┌─ Data supplied

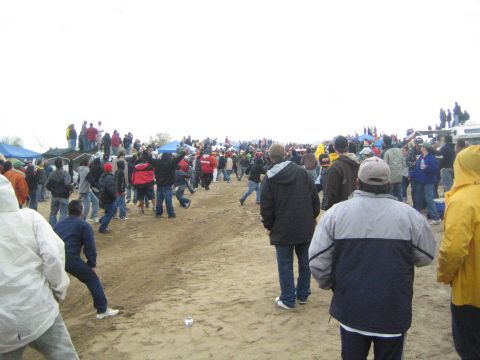 1990 Ford Bronco - crowd of spectators walks along a wide dirt course lined with tents and parked trucks beneath an overcast desert sky.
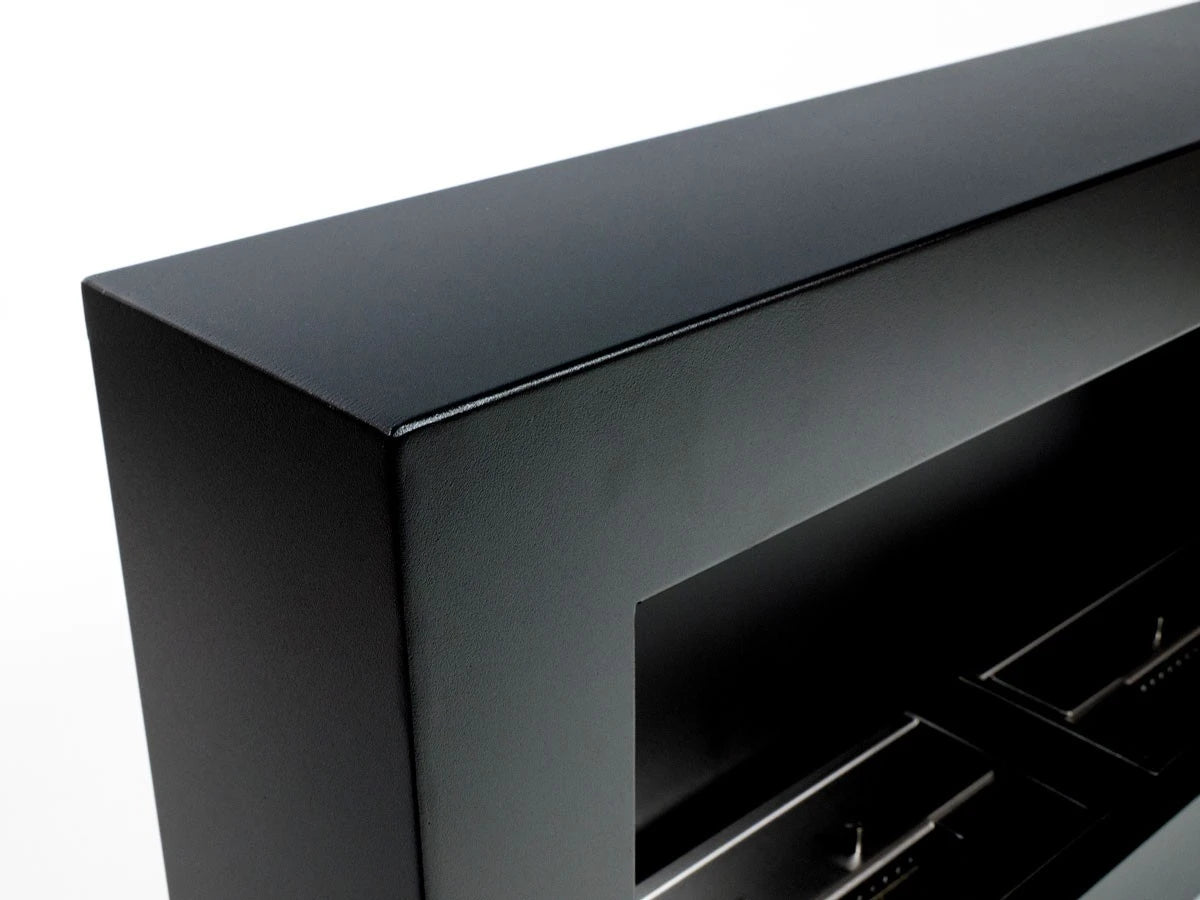 Close-up of the large black bio fireplace's corner and powder-coated finish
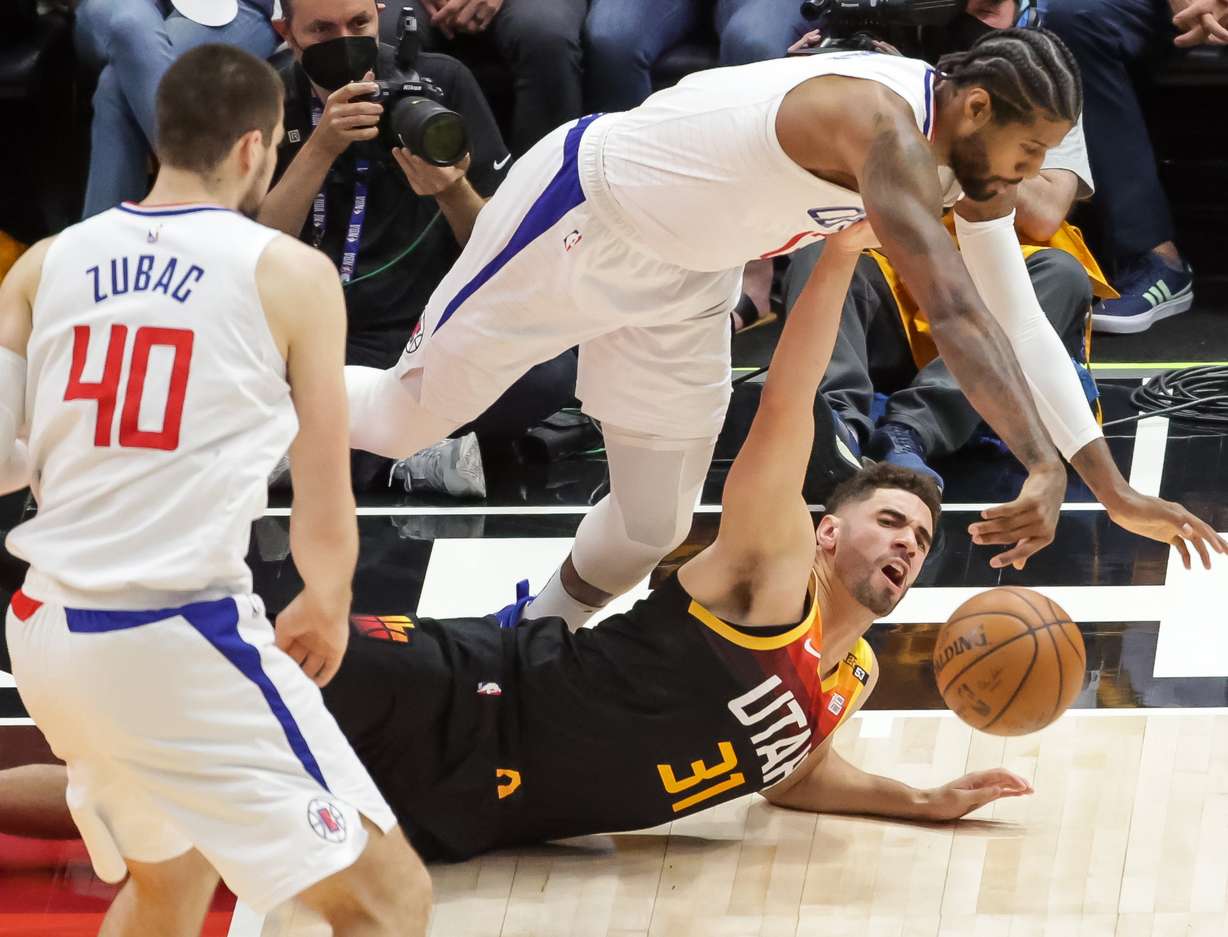LA Clippers guard Paul George (13) and Utah Jazz forward Georges Niang (31) dive for the ball during Game 1 of the Western Conference semifinals at Vivint Smart Home Arena in Salt Lake City on Tuesday, June 8, 2021.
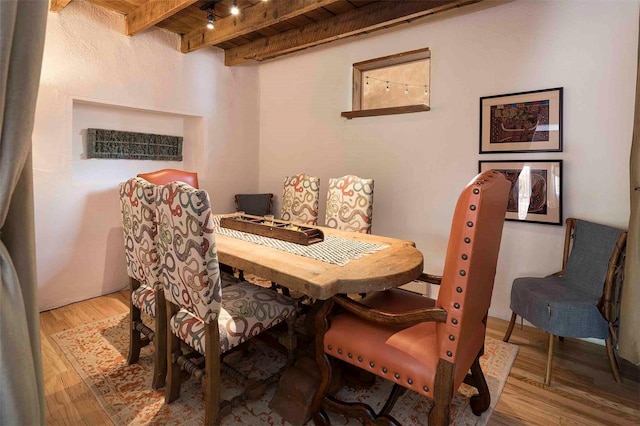 942 Canyon Unit A & B, Santa Fe, NM 87501 - dining area featuring beam ceiling, wood finished floors, and rail lighting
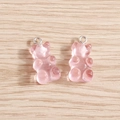 Macro shot of pink translucent resin gummy bear charms with silver hooks on wood background - 10 Pieces Pack / Pink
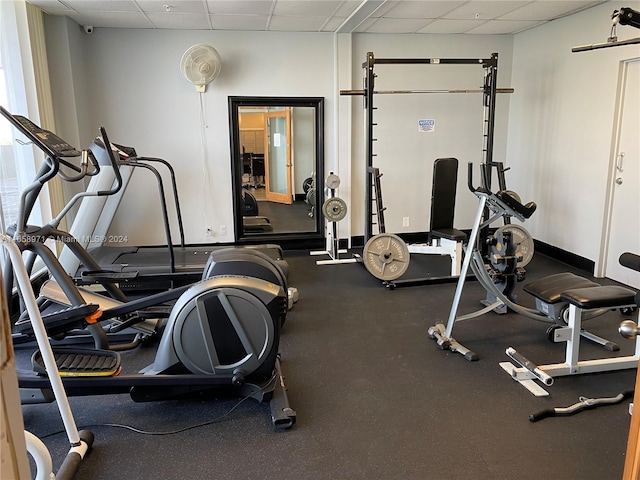 workout area featuring a paneled ceiling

└─

*Task to carry out*. In the answer, give only the lines from the one containing "Macro shot of" through the end of the records above, each reproduced exactly. Include no pictures.

*Exercise solution*.
 Macro shot of pink translucent resin gummy bear charms with silver hooks on wood background - 10 Pieces Pack / Pink
 workout area featuring a paneled ceiling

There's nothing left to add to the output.